O artigo 422 do Código Civil estabelece:
“Os contratantes são obrigados a guardar, assim na conclusão do contrato, como em sua execução, os princípios de probidade e boa-fé.”
No ambiente digital, esse princípio se traduz em transparência, segurança das transações, clareza nas comunicações e suporte eficiente. Quando a plataforma falha em garantir esses aspectos, viola o dever de boa-fé e responde pelos danos causados.
O artigo 20 do CDC também prevê que, em caso de falha na prestação do serviço, o consumidor pode exigir a reexecução do serviço, a restituição do valor pago ou o abatimento proporcional do preço.
No caso concreto, nenhuma dessas medidas foi aplicada voluntariamente pela empresa, o que reforçou a necessidade de condenação judicial.
O valor da indenização e os critérios de fixação
O valor da indenização foi fixado com base nos princípios da proporcionalidade e razoabilidade, considerando a gravidade do dano, a capacidade econômica da empresa e o caráter pedagógico da sanção.
O montante de R$ 2 mil é compatível com o padrão adotado pelas Turmas Recursais em casos de falha na entrega de produtos ou serviços digitais. A quantia não deve gerar enriquecimento indevido, mas precisa desestimular a repetição de condutas semelhantes.
A relatora destacou que a indenização “é adequada para compensar o dano e desencorajar práticas indesejadas”, confirmando o papel educativo das condenações cíveis em matéria de consumo.
Conclusão: iFood indenizará cliente
A decisão que decidiu que iFood indenizará cliente reafirma a aplicabilidade integral do Código de Defesa do Consumidor às relações digitais.
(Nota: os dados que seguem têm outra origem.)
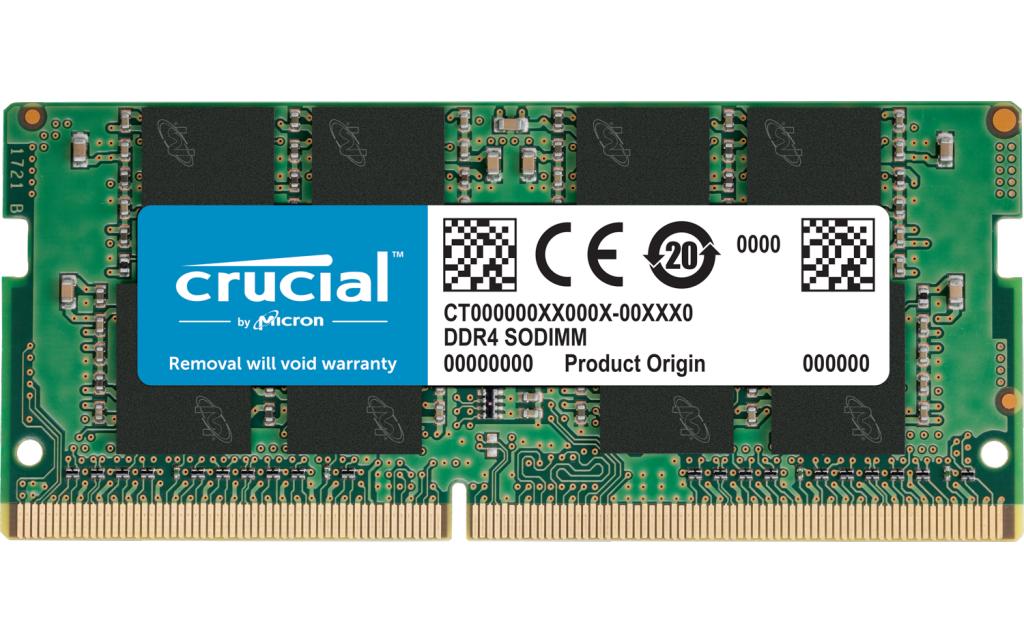 Crucial SO-DDR4-RAM CT16G4SFRA32A 3200 MHz 1x 16 GB Crucial SO-DDR4-RAM CT16G4SFRA32A 3200 MHz 1x 16 GB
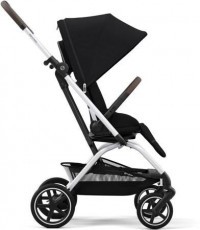 Kočárek CYBEX Eezy S Twist+2 2022, moon black (silver frame)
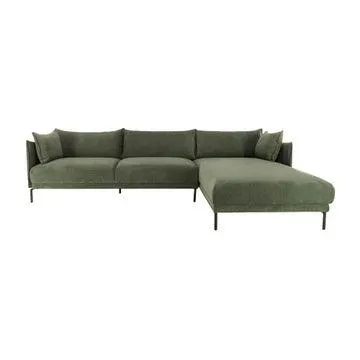 Lugo 3-Seat RH Chaise Sofa - Forest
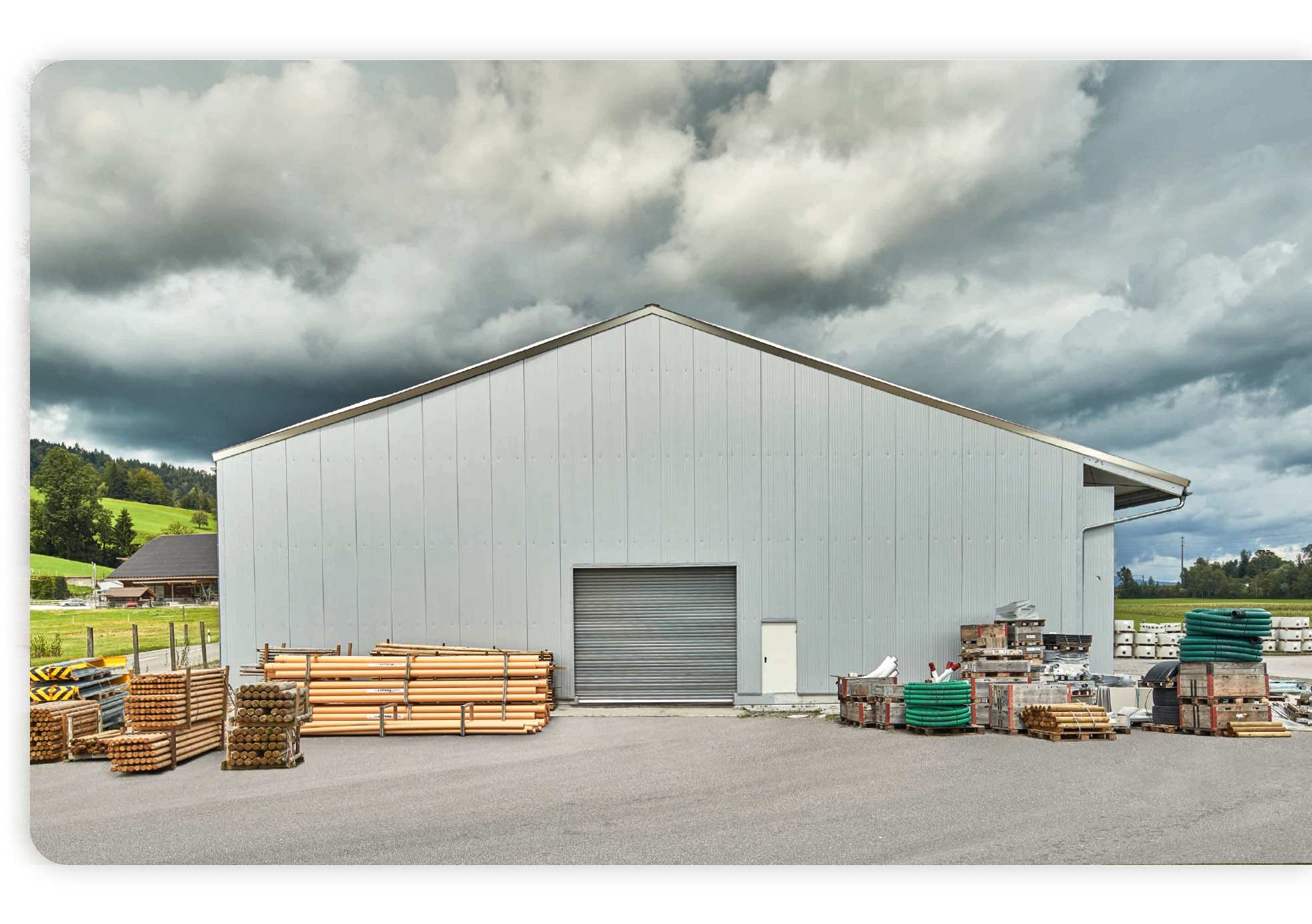 PROspan Warehouse storage lumber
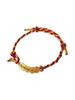 Pulsera de Cuerda Roja para el Año del Dragón y el Año de la Vida Plata de Ley Nueve Palacios Bagua Pulsera de Cuerda Tejida a Mano para Hombres y Mujeres Cuerda Estilo Tíbet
O avanço tecnológico não elimina a responsabilidade das empresas em garantir segurança, qualidade e transparência na prestação de serviços.
O consumidor que enfrenta problemas semelhantes deve registrar todas as comunicações com a empresa, guardar comprovantes de pagamento e, se não obtiver solução, buscar orientação jurídica.
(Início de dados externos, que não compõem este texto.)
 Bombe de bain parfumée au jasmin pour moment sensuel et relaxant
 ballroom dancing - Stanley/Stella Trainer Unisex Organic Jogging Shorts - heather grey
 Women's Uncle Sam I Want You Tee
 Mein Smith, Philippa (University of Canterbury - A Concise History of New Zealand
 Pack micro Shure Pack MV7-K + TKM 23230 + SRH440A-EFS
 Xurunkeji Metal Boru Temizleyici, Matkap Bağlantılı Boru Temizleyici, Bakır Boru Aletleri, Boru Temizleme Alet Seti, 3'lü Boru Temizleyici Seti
As decisões judiciais têm mostrado que, mesmo no ambiente digital, prevalecem os direitos fundamentais de respeito, dignidade e proteção contra abusos. O caso reforça que nenhuma empresa pode se eximir da responsabilidade por falhas de serviço, independentemente de quem as tenha causado.
Em um mercado cada vez mais digital, garantir a efetividade dos direitos do consumidor é essencial para manter a confiança nas relações de consumo e fortalecer a segurança jurídica nas transações online.